Government troops battle insurgents for control of northern Mogadishu
Deadly clashes have erupted in the north of Somalia's capital, Mogadishu, where government troops are hoping to recover ground recently taken by Islamist insurgents.
AFP - Somali soldiers on Thursday launched a major counter-offensive to recapture recently lost ground from Islamist insurgents in Mogadishu, sparking a fierce battle that left at least 21 civilians dead.

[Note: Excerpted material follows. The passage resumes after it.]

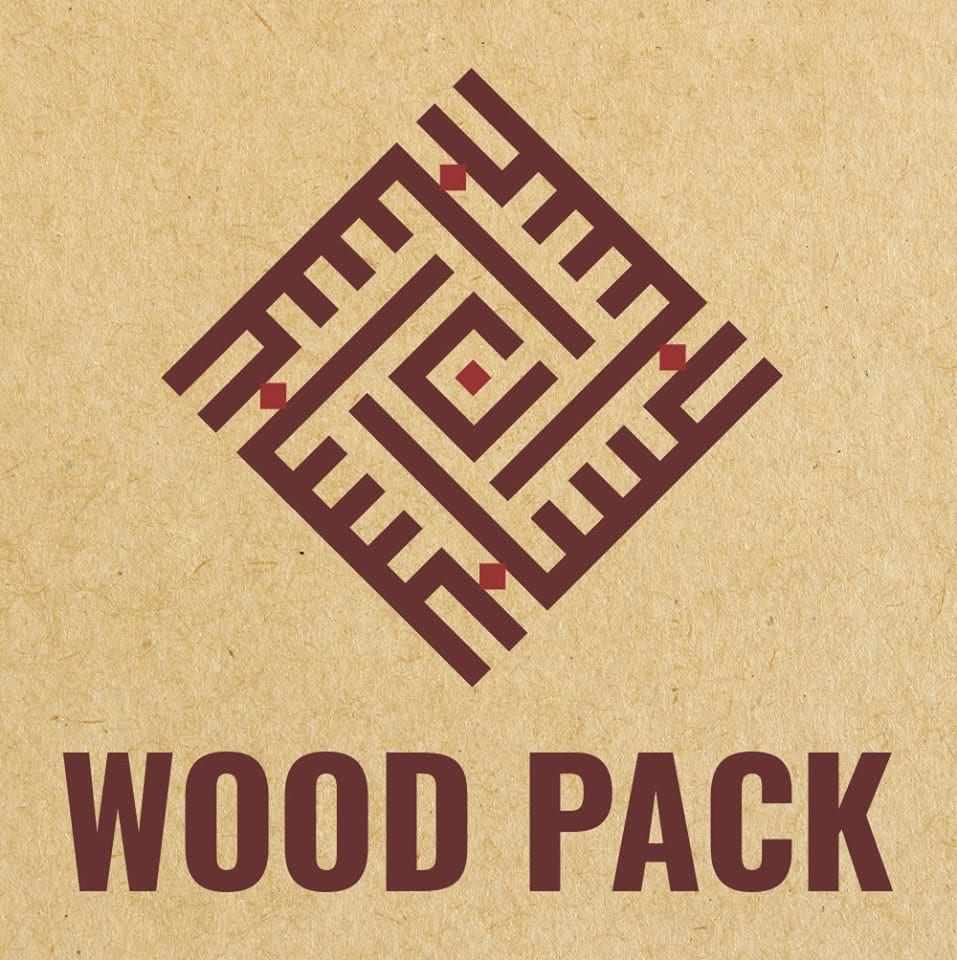 Ghassen Wood Pack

Newly-trained government forces backed by the African Union mission in Somalia (AMISOM) kicked off their operation early in northwestern Mogadishu, drawing a barrage of retaliatory fire from rebel groups, witnesses said.
The internationally-backed government had lost ground last month when insurgents, mainly from the Al Qaeda-inspired Shebab movement, punched through a strategic frontline and closed in on the presidential compound.
"The Somali government forces advanced on the terrorists' strongholds this morning," Colonel Ahmed Ibrahim, a government security official, told AFP.
"They took control of several neighbourhoods which had been held by the rebels and the fighting is still going on. There are several bodies strewn across the streets," he added.
Medical sources counted at least 21 civilian deaths after the first few hours of fighting but expected the toll to rise, with no immediate information on combatant casualties and several areas impossible to access independently.
"Today's clashes are very heavy. The artillery and mortar fire exchanged by both sides is reaching distant neighbourhoods," Ali Muse, head of Mogadishu's ambulance services, told AFP.
"Our teams have so far collected 16 dead civilians and 59 wounded," he said. "But the toll is likely to be higher since the fighting is continuing."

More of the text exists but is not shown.